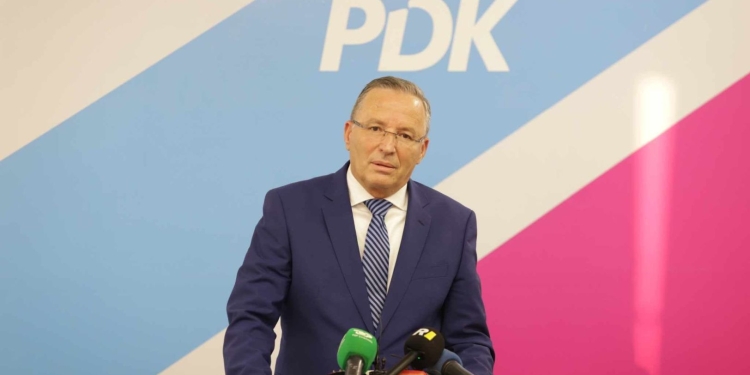 Hamza fton mërgimtarët të regjistrohen për të votuar në zgjedhjet e 28 dhjetorit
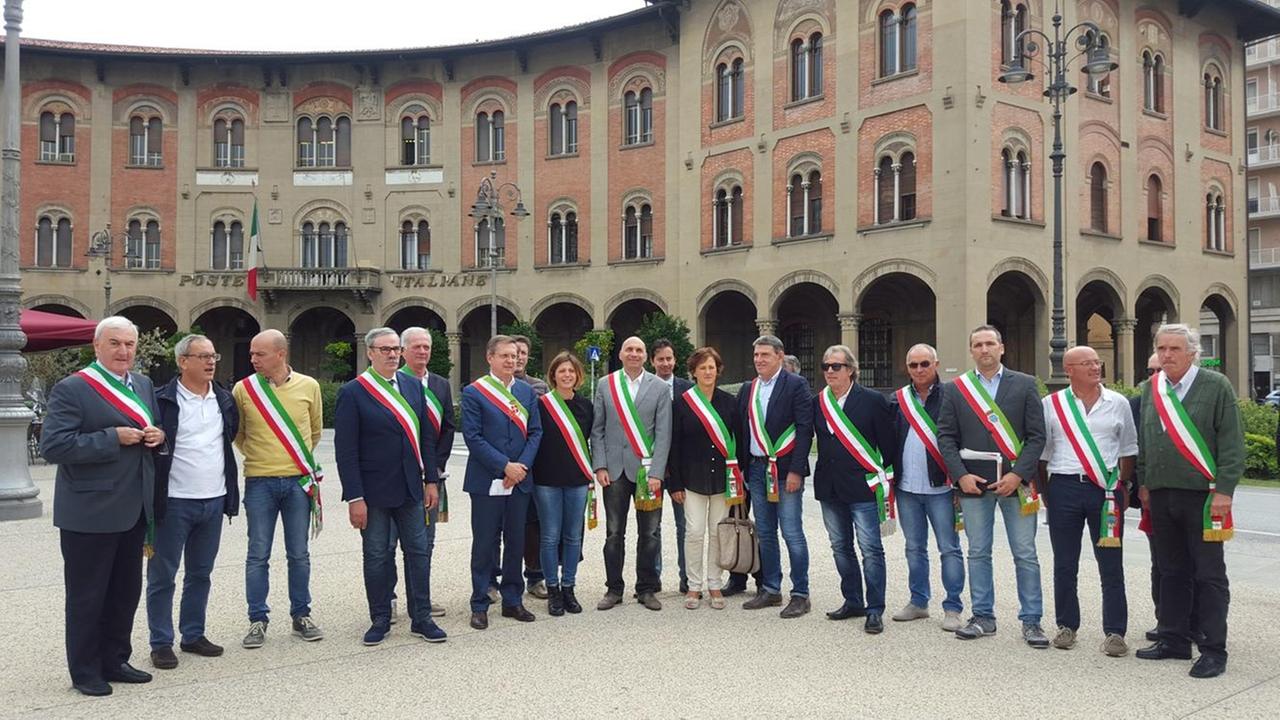 Sindaci in piazza contro la chiusura di dieci uffici postali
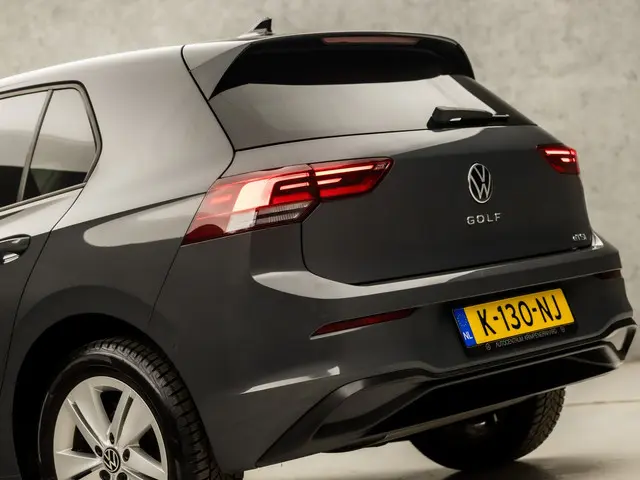 Volkswagen Golf 1.0 TSI Sport 2021 Benzine 11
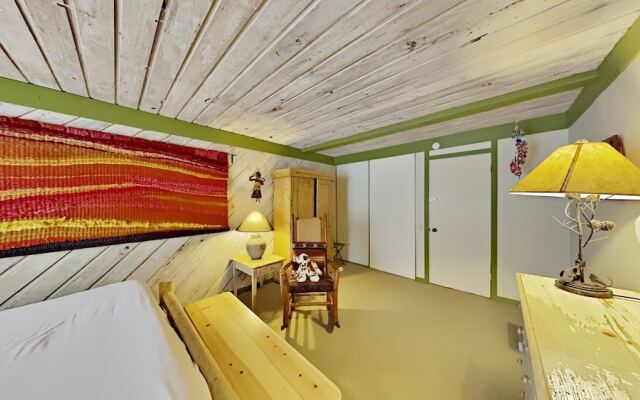 One Bedrooms At Snowbird Condos Slopeside - Free Wifi & Assigned Parking!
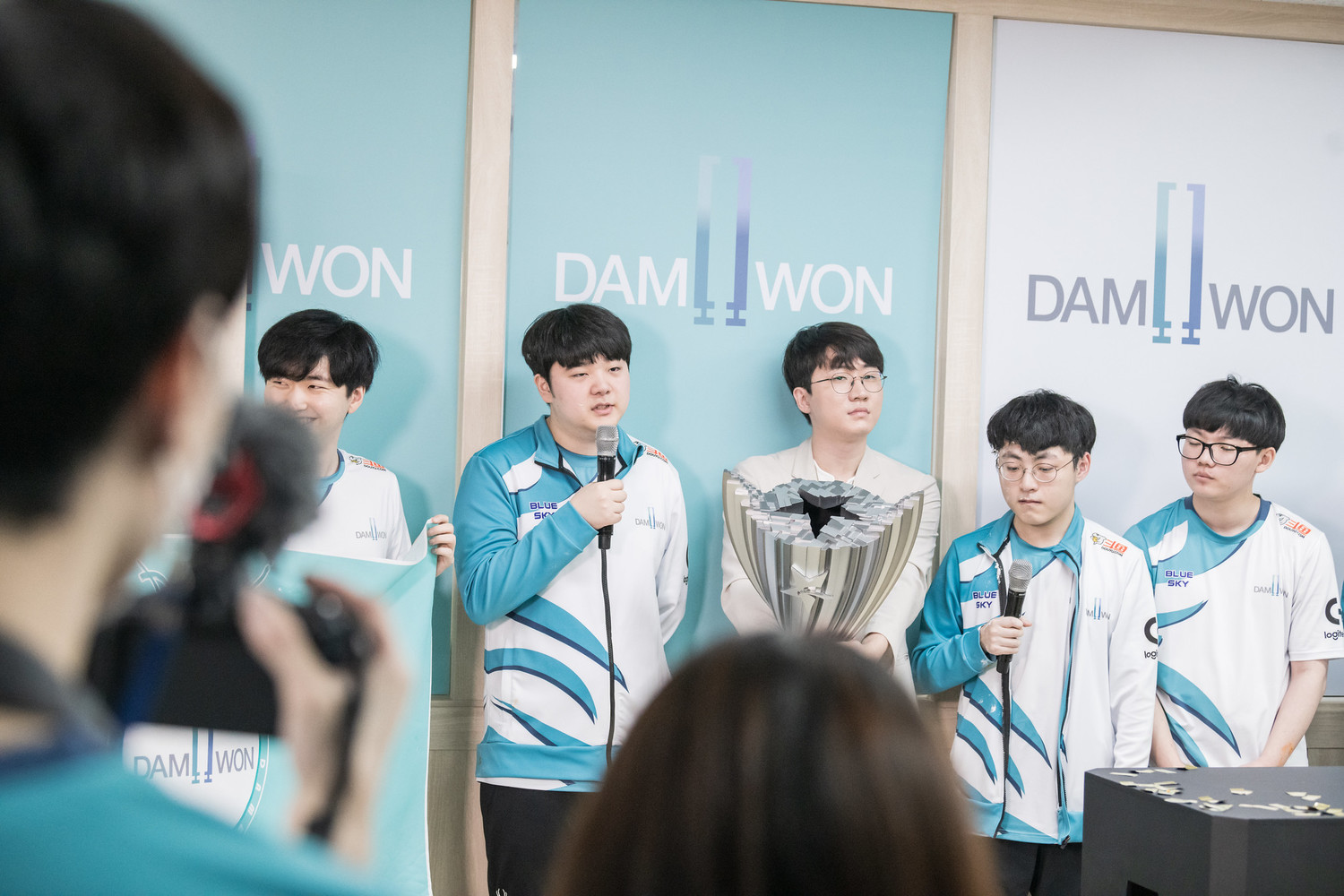 去年 DWG 成功打進世界賽，在八強遭到歐洲勁旅 G2 以 1：3 擊退 圖：翻攝 LCK Esports Photo Flickr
☆ ☆ ☆
• [TASK TO COMPLETE]: Exactly restate the lines from the one holding "Volkswagen Golf 1.0" to the final line of the records above, including both and excluding pictures.

• [ANSWER SPACE]:
 Volkswagen Golf 1.0 TSI Sport 2021 Benzine 11
 One Bedrooms At Snowbird Condos Slopeside - Free Wifi & Assigned Parking!
 去年 DWG 成功打進世界賽，在八強遭到歐洲勁旅 G2 以 1：3 擊退 圖：翻攝 LCK Esports Photo Flickr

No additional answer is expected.